** Work to complete **
Beginning at the line that contains "6, Treviolo - photo 20", return every remaining line of the data below exactly; return nothing before it.

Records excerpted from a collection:
*** Begin section ***
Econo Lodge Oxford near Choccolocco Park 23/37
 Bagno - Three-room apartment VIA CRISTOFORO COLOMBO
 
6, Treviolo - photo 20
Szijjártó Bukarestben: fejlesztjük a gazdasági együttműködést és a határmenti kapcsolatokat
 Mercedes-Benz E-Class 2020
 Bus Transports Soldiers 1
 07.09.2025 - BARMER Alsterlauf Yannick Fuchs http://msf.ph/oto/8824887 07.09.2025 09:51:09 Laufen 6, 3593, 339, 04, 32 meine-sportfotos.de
*** End section ***
** Result of this task **
6, Treviolo - photo 20
Szijjártó Bukarestben: fejlesztjük a gazdasági együttműködést és a határmenti kapcsolatokat
 Mercedes-Benz E-Class 2020
 Bus Transports Soldiers 1
 07.09.2025 - BARMER Alsterlauf Yannick Fuchs http://msf.ph/oto/8824887 07.09.2025 09:51:09 Laufen 6, 3593, 339, 04, 32 meine-sportfotos.de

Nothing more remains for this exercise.